◆ **Records for the task**:
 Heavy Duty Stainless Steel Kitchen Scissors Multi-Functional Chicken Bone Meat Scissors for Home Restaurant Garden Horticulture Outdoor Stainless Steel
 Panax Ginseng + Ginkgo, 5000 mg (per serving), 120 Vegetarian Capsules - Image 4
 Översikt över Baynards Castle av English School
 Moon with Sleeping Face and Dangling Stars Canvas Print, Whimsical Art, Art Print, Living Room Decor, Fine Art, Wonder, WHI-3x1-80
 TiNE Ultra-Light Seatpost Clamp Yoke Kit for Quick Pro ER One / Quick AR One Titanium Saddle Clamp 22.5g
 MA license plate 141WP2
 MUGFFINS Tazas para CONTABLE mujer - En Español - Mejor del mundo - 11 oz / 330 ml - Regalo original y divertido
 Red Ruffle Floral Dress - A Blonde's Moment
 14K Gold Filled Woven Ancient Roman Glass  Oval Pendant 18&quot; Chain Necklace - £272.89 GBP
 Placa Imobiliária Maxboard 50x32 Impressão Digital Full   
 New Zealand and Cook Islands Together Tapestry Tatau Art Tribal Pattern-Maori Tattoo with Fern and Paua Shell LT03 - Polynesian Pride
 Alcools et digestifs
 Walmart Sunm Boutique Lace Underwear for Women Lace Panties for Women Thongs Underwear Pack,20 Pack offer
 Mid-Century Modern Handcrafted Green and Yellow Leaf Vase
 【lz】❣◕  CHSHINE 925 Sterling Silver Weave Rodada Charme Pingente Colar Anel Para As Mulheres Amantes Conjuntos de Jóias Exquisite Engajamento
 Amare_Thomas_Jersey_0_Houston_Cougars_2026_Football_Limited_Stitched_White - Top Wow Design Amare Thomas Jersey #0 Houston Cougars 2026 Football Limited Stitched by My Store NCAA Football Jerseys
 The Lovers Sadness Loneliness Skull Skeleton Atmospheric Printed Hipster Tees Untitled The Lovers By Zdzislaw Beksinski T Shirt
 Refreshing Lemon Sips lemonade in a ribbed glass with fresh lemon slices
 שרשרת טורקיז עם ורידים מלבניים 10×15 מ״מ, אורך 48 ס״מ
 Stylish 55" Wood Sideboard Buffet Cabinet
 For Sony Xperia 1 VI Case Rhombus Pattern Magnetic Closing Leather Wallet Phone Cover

◆ **Exercise**:
Copy back the listing above exactly, but only from the line with "Walmart Sunm Boutique" through the line with "The Lovers Sadness", both ends included.

◆ **The answer**:
 Walmart Sunm Boutique Lace Underwear for Women Lace Panties for Women Thongs Underwear Pack,20 Pack offer
 Mid-Century Modern Handcrafted Green and Yellow Leaf Vase
 【lz】❣◕  CHSHINE 925 Sterling Silver Weave Rodada Charme Pingente Colar Anel Para As Mulheres Amantes Conjuntos de Jóias Exquisite Engajamento
 Amare_Thomas_Jersey_0_Houston_Cougars_2026_Football_Limited_Stitched_White - Top Wow Design Amare Thomas Jersey #0 Houston Cougars 2026 Football Limited Stitched by My Store NCAA Football Jerseys
 The Lovers Sadness Loneliness Skull Skeleton Atmospheric Printed Hipster Tees Untitled The Lovers By Zdzislaw Beksinski T Shirt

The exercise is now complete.